One of my son's friends and his family have been interested in Fe Fe since we got her a week ago. We had them send in their references and everything checked out perfectly. Of course, knowing this family, I knew it would.  

They came over to get her this evening, but will be returning with her at least once a week for play dates. All of my kids fell in love with her, as they did with Tilly, and the twins had a very hard time saying goodbye. However, knowing they would see her every week made it all better. They're still too young to understand that we are just their temporary home. 
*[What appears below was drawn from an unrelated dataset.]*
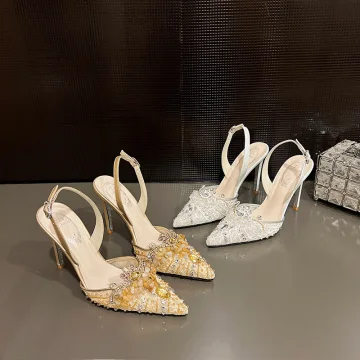 Charmant Beige En Dentelle Faux Diamant Soirée Sandales Femme 2024 Cuir 10 Cm Talons Aiguilles À Bout Pointu Talons Hauts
They only live 3 miles away, so we'll definitely be seeing them soon. Anyhow, congratulations are in order for this sweet little girl below, second from the left. She has found her forever home.


----------



## Bonnie's Mommie (Mar 2, 2006)

What a sweetie - I'm so happy she found a great furever home.


----------



## bonniesmom (Jun 2, 2008)

How great that she found a good home and will be so near you - what an ideal arrangement! :biggrin:


----------



## Matilda's mommy (Jun 1, 2005)

:yahoo: Fe Fe :yahoo: you have a forever home :walklikeanegyptian: :clap: :dothewave:


----------



## Tina (Aug 6, 2006)

And you get to continue seeing her.


----------



## dogloverx3 (Apr 14, 2006)

How WONDERFUL :aktion033: . You are so nice to foster  . I was a hopeless foster Mummy , Teddy my Lhasa was my one and only attempt - note his furry face in my siggie  . Sarah


----------



## rosietoby (Mar 27, 2008)

Yeah!!!!!!!!!!!!!!!!!!!


----------



## k/c mom (Oct 9, 2004)

Ohhhh, how totally perfect!!! I'm so glad that it worked out so well!!!!!


----------



## Teddyandme (Feb 6, 2005)

what a wonderful gift you give....thank you for all your time, money, and mostly love that you give these little fluffbutts. Glad a forever home was found so close, so the kids can still say hello


----------



## Natures Encore (Jun 1, 2008)

QUOTE (Teddyandme @ Jul 26 2008, 01:34 PM) index.php?act=findpost&pid=611353


> what a wonderful gift you give....thank you for all your time, money, and mostly love that you give these little fluffbutts. Glad a forever home was found so close, so the kids can still say hello[/B]


I just heard from the rescue and another seven dogs are coming in on Monday. I can take one, maybe two more in addition to my three. It's definitely rewarding to know these little lost souls will be going to home where they will be loved forever.

It's all about the greater good, ya know? :wub:


----------



## Lennabella (Mar 29, 2007)

Ohhh she is really cute - such a cute teddy bear face


----------